From the outside looking in, it might sound difficult and burdensome, but most Muslims really enjoy Ramadan and are sad (literally) when it is over. As I write this, I cannot believe how quickly the last few days have passed. I've been Muslim 15 years and there are a lot of nostalgic family traditions associated with Ramadan: eating certain foods, praying together at home, feeding the poor, et cetera. We grow in our spirituality and in our family relations. Why do I mention this? Because condescending jokes in the office about Ramadan are never funny. It warms my heart that nearly every year my co-workers send me Happy Ramadan e-cards.

3) To each their own

Just like any other faith community, there are varying degrees of practice among those who call themselves Muslim. Some Muslims only practice the religion during the month of Ramadan and others stick to Islam's principles throughout the year. Employers should simply make an effort to treat each employee's individual needs. Just because one person works a modified schedule to allow more time for evening mosque doesn't mean that other Muslim employees want the same. Furthermore, fasting is harder for some than others. I have friends that look super energetic even in the final hour before breaking fast at night, and others who are super grouchy.

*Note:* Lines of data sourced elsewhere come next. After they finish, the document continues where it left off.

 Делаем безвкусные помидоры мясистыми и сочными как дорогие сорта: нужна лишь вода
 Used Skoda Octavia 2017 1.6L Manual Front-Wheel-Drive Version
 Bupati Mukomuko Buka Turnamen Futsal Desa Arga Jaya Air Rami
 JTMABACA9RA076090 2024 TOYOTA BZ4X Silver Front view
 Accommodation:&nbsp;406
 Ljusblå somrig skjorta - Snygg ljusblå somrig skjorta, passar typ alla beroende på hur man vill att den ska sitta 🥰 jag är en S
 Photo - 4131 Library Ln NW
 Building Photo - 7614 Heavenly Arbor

4) Keep it all in perspective

I touched on this earlier, but even with a modified schedule and an inclusive environment, it's still likely that your Muslim employees will not be as productive during Ramadan--at least not until Ramadan moves from summer into spring and then back to winter. Just as my co-workers take a lot of vacation during the holidays and produce less--hosting parties and planning family events during work--so will your Muslim employees during Ramadan. As U.S.-based organizations give time off for companywide holidays between Thanksgiving and Christmas, many immigrant Muslims are accustomed to the same during Ramadan in their native countries. In most Muslim countries, employees work half-days the entire month and are paid as if they worked full-time. It's a give and take. So, while my co-workers are covering me a little during Ramadan, they can always count on me during holidays such as Christmas, Hanukkah, and Easter to be in the office.

In an effort to create more loyal employees and focus on long term gains, the more we all know about Muslims and those of all faiths in the workplace, the better we can foster an inclusive workplace for others. Let's keep the conversation going.